Forward-looking statements are based on management’s current expectations, projections, estimates, assumptions and beliefs and are subject to a number of known and unknown risks, uncertainties and other factors that could lead to actual results materially different from those described in the forward-looking statements. Air can give no assurance that its expectations will be attained. Air’s actual results, liquidity and financial condition, as well as the Debt Adjusted AIR Share Price, may differ from the anticipated results, liquidity and financial condition, and the Debt Adjusted AIR Share Price, indicated in these forward-looking statements. Air cautions readers that any such statements are based on currently available operational, financial and competitive information, and they should not place undue reliance on these forward-looking statements, which reflect management’s opinion only as of the date on which they were made.
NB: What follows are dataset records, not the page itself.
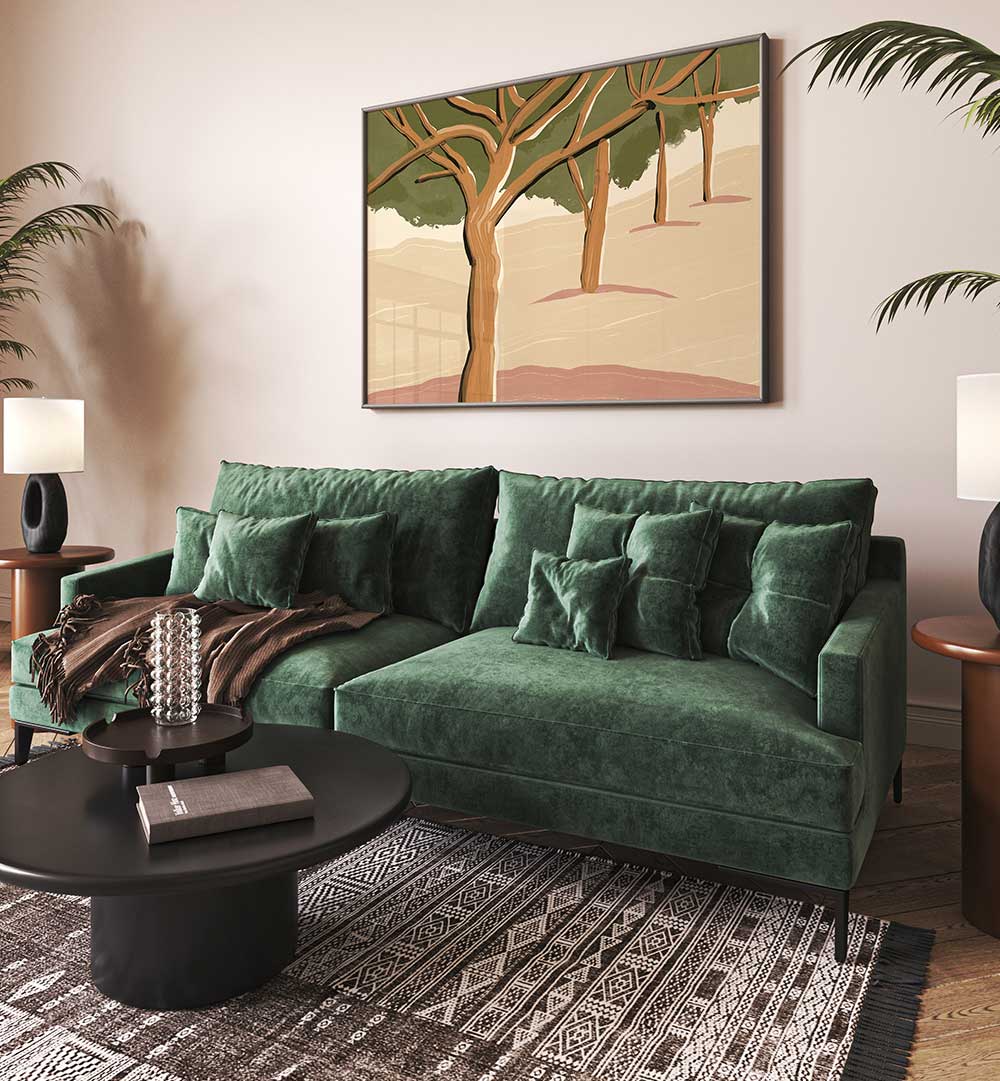 LANDSCAPE TREES , LANDSCAPE PAINTINGS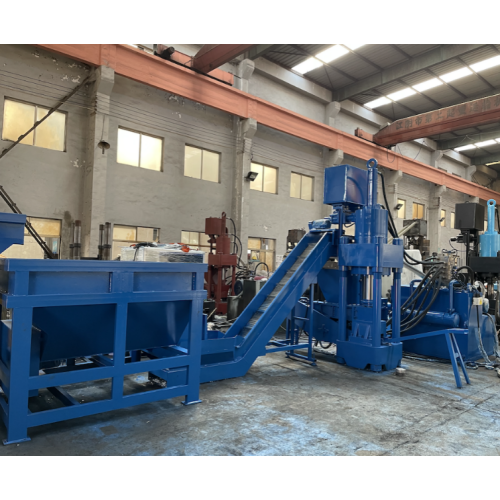 Aluminum Turnings Files Scrap Briquette Press Machine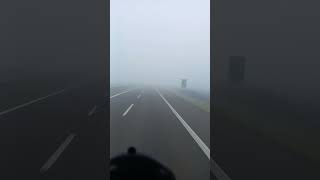 Dangerous foggy morning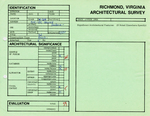 809 - 811 Idlewood Ave. - Survey Form by Richmond (Va.). Dept. of Planning and Community Development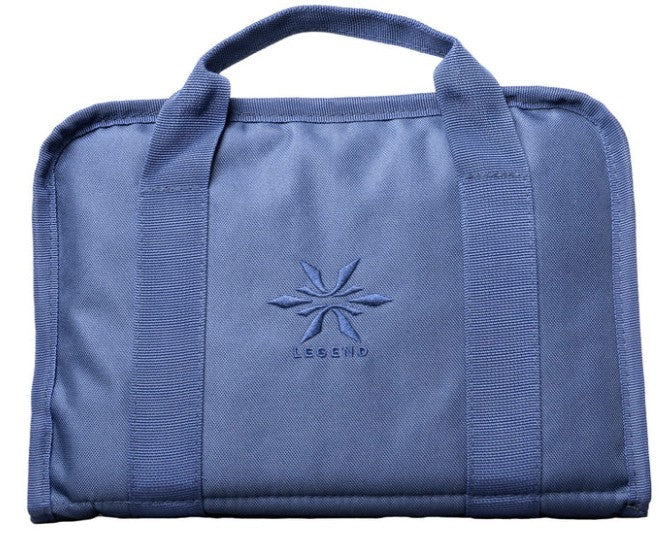 Legend Outdoor Gear Pegasus Pistol Carry Case, Midnight Blue Polyester, Foam Padded, PEG100-MB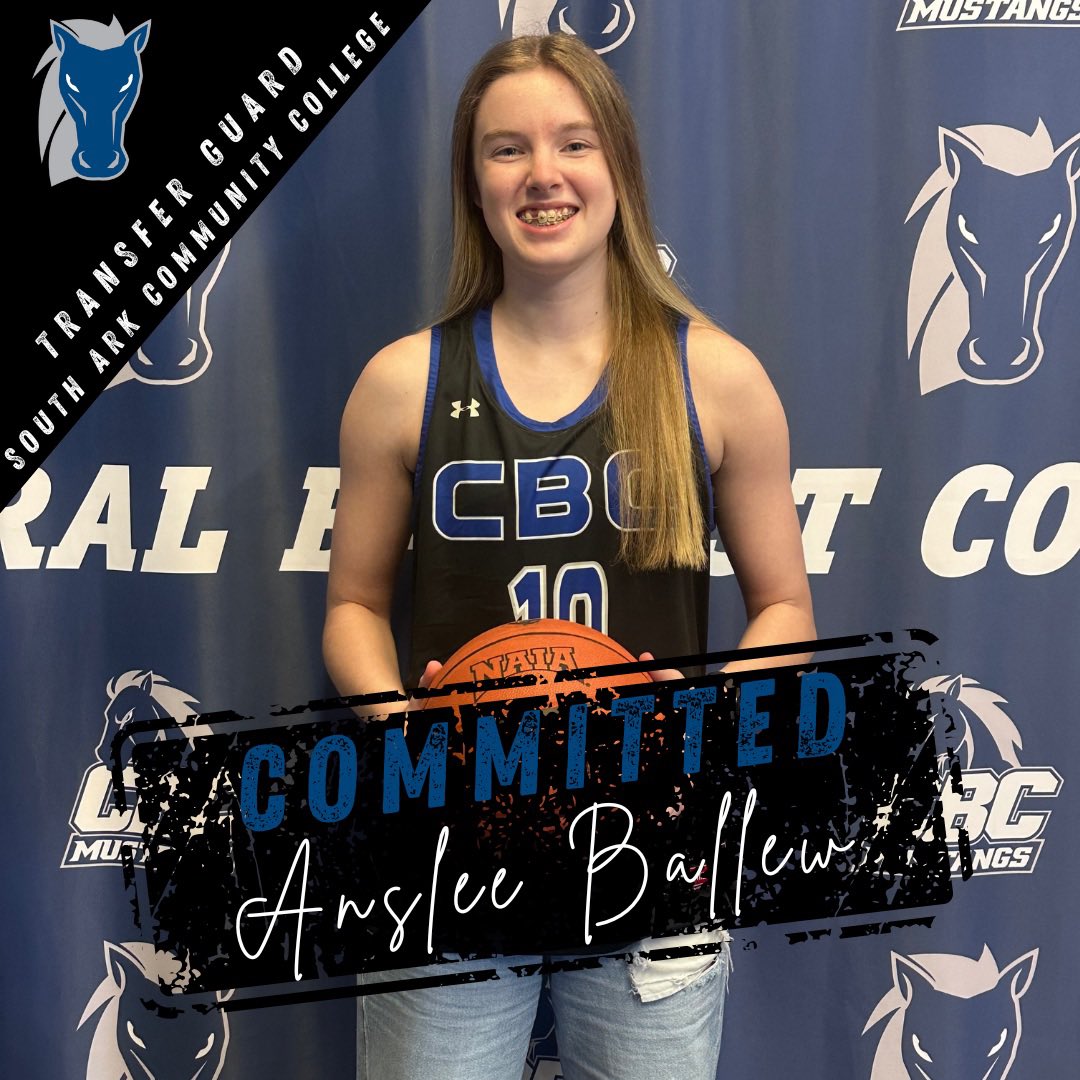 Help us welcome another one of our newest commitments, Anslee Ballew! Anslee will be a transfer guard from SouthArk Community College. We are so excited for her to join the family this fall!💙🤍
These forward-looking statements are not a guarantee of future performance and involve risks and uncertainties, and there are certain important factors that could cause Air’s actual results to differ, possibly materially, from expectations or estimates reflected in such forward-looking statements, including, but without limitation:

  • the parties’ ability to consummate the transactions and to meet expectations regarding the timing and completion thereof;
  • the satisfaction or waiver of the conditions to the completion of the transactions, including the receipt of all required regulatory approvals or clearances in a timely manner and on terms acceptable to Air;
  • the risk that the parties may be unable to achieve the expected strategic, financial and other benefits of the transactions within the expected timeframes or at all;
  • the risk that the businesses will not be integrated successfully or that integration may be more difficult, time-consuming or costly than expected;
  • the risk that operating costs, customer loss and business disruption (including, without limitation, difficulties in maintaining relationships with employees, customers, clients or suppliers) may be greater than expected following the transactions;
  • the risk that the combined company’s net debt at closing will be higher than currently anticipated;
  • the risk that Air will not obtain the required Air shareholder approvals;
  • the risk that the Debt Adjusted AIR Share Price at closing may be lower than $3.44 per share; and
  • general economic and market conditions.
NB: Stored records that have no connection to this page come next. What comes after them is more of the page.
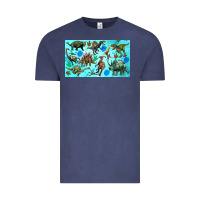 Vintage Denim dinosaurs sippy cup Vintage Tee - Artiststas
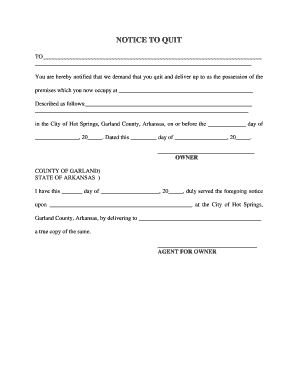 Notice to Quit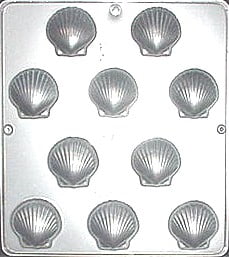 Small Shell Seashell Chocolate Candy Mold Candy Making  142 NEW 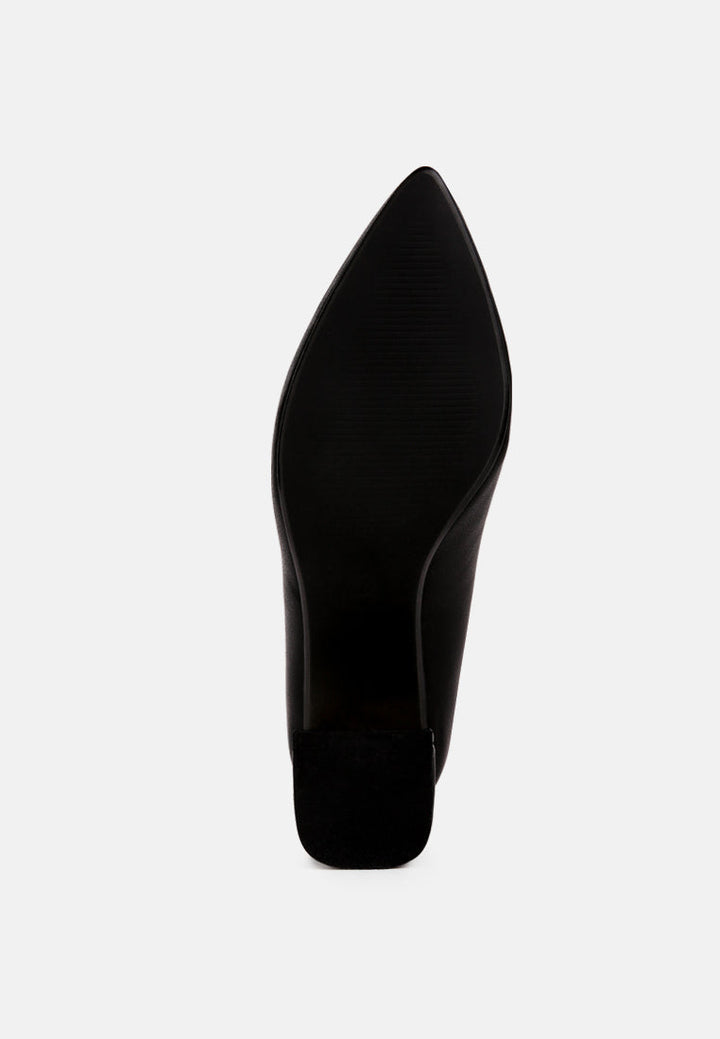 Casey Metallic Detail Block Heel Pumps By RAG-4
These and other risks and uncertainties are more fully discussed in the risk factors identified in “Item 1A. Risk Factors” in Part I of Air’s most recently filed Annual Report on Form 10-K, and as may be identified in Air’s Quarterly Reports on Form 10-Q and Current Reports on Form 8-K. Except to the extent required by law, Air expressly disclaims any obligation to release publicly any updates or revisions to any forward-looking statements contained herein to reflect any change in Air’s expectations with regard thereto or change in events, conditions or circumstances on which any statement is based.

Non-GAAP Financial Measures and Reconciliation to GAAP

To supplement the financial measures prepared in accordance with generally accepted accounting principles in the United States (“GAAP”), both Tenax and Air use Adjusted EBITDA, a Non-GAAP financial measure as defined by the SEC, as a supplemental measure of operating performance because each respective company believes it is useful for understanding and evaluating operating performance. Adjusted EBITDA excludes the impact of non-cash depreciation and amortization charges, stock-based compensation expenses, and certain non-recurring expenses and outlays, prior to consideration of the impact of other potential sources and uses of cash, such as working capital items.

These definitions may differ from similarly titled measures used by other companies and may be different from the EBITDA calculations used by each company’s lenders for purposes of determining compliance with financial covenants. Non-GAAP measures have limitations as analytical tools because they exclude certain items, including interest expense necessary to conduct each company’s respective business, and therefore should be considered in addition to, and not a substitute for, financial information prepared in accordance with GAAP.

Tenax is currently structured as a partnership for U.S. federal and state income tax purposes and does not pay corporate income taxes at the entity level. Accordingly, income taxes for Tenax and for the combined company following the merger are not reflected in the pro forma Adjusted EBITDA reconciliation presented below.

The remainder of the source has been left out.